* Brief *
Take the lines in the listing below from the line with "Litoral de SP" up to and including the line with "14K Pearl Vintage" and set them down exactly, skipping pictures and adding nothing.

*** Opening of Records for the task ***

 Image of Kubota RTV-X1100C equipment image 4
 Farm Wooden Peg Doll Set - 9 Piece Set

*** Close of Records for the task ***
*** Opening of Records for the task ***

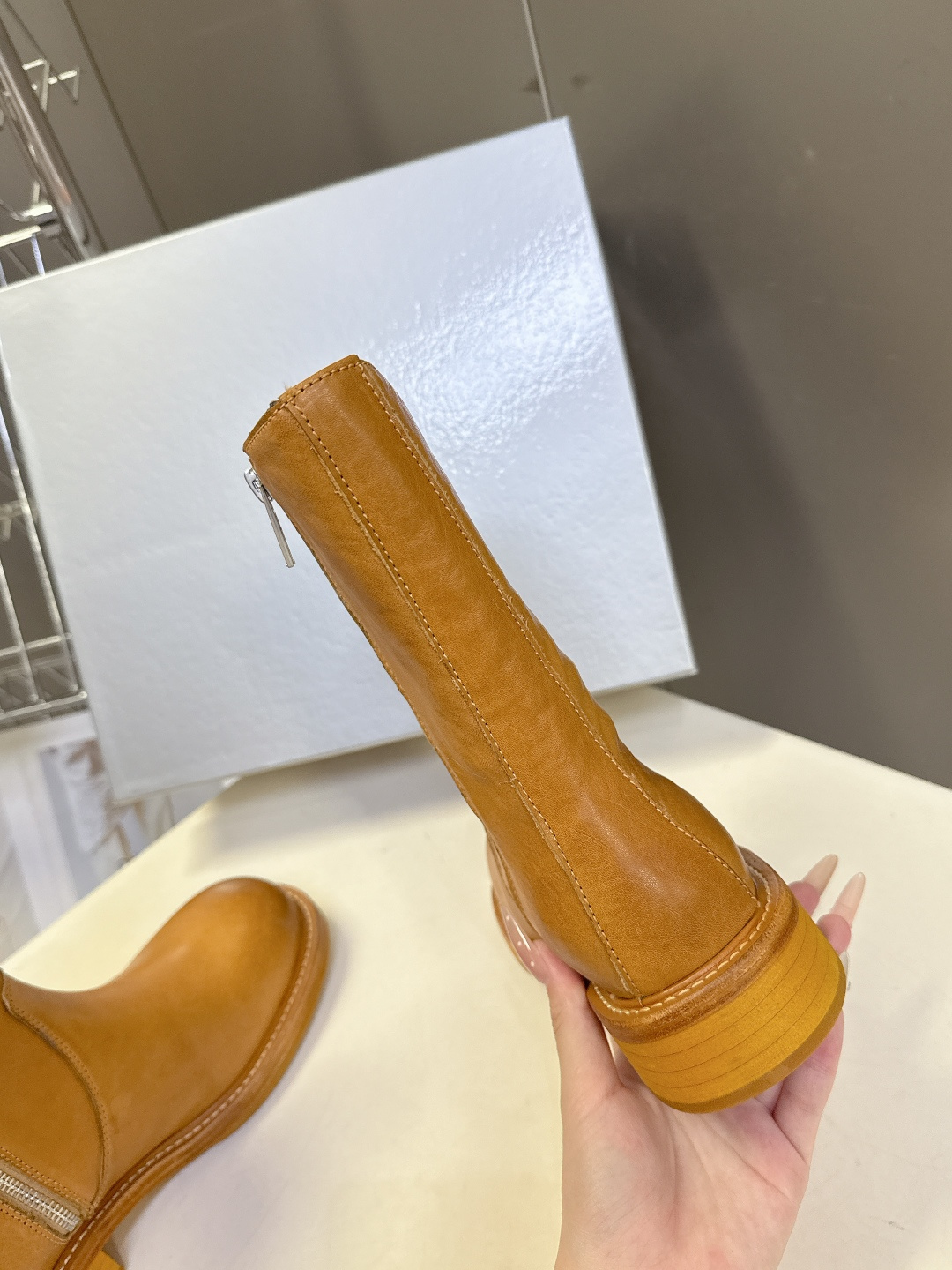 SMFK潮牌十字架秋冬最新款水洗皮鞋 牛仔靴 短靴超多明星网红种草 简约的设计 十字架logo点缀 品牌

*** Close of Records for the task ***
*** Opening of Records for the task ***

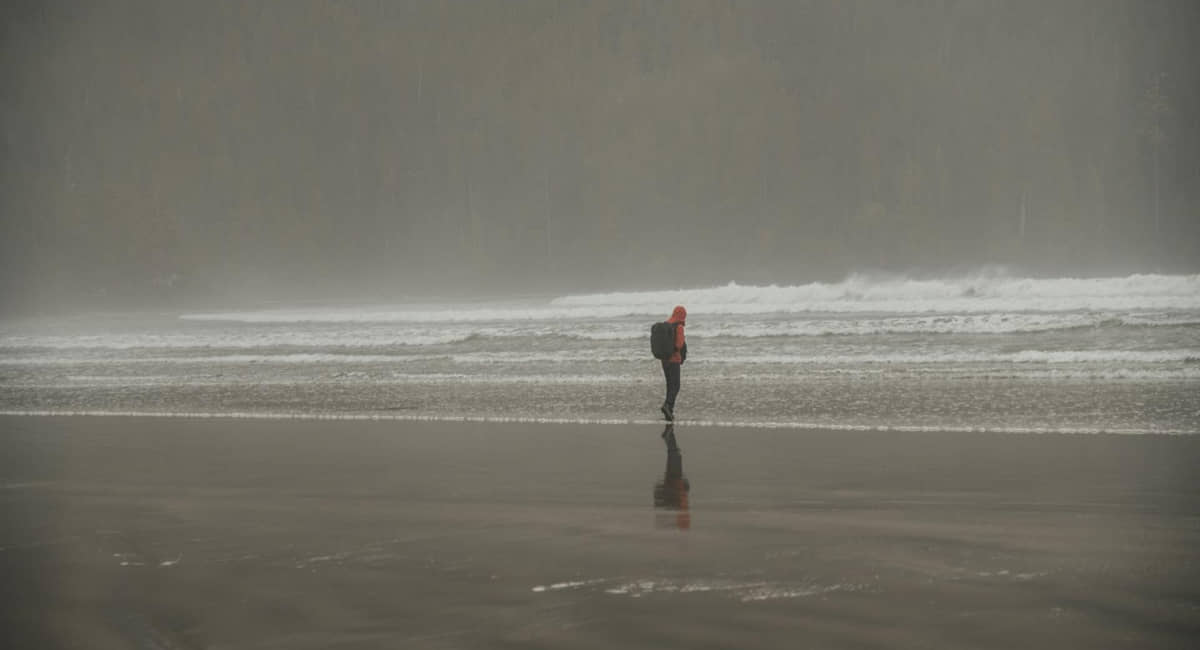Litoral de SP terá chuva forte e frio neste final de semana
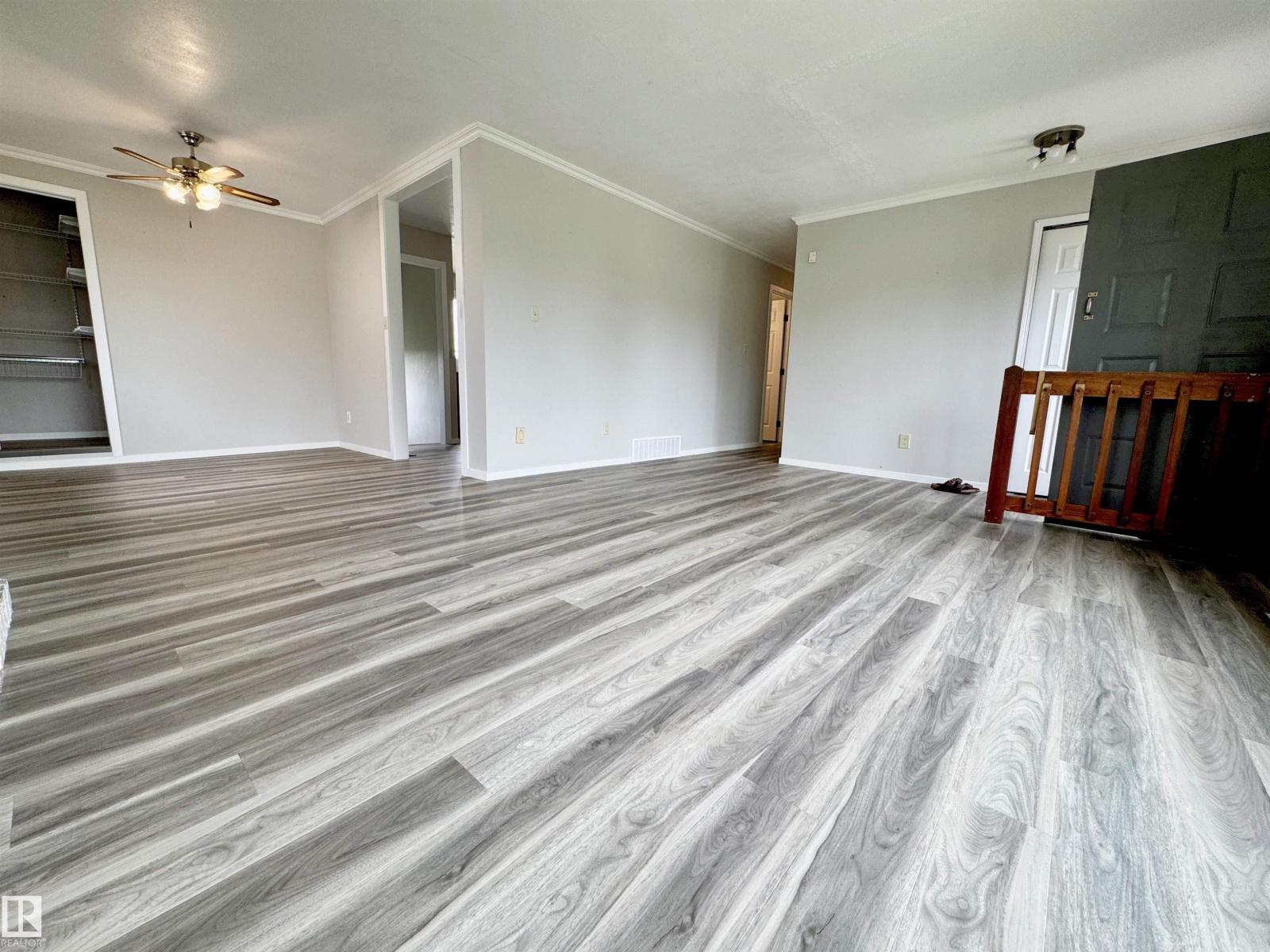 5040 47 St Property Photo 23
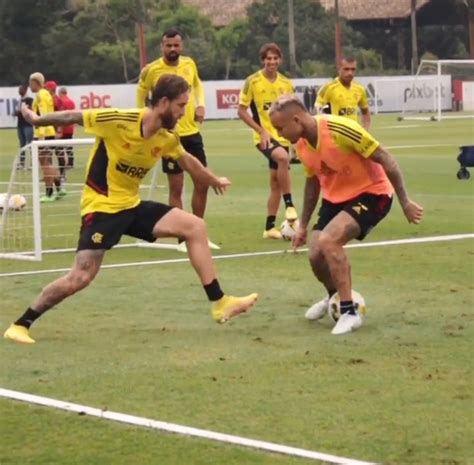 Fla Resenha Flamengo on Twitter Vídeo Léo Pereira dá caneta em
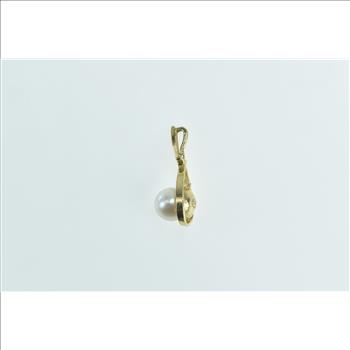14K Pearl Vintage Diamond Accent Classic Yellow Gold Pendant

*** Close of Records for the task ***

* Result of this exercise *
Litoral de SP terá chuva forte e frio neste final de semana
 5040 47 St Property Photo 23
 Fla Resenha Flamengo on Twitter Vídeo Léo Pereira dá caneta em
14K Pearl Vintage Diamond Accent Classic Yellow Gold Pendant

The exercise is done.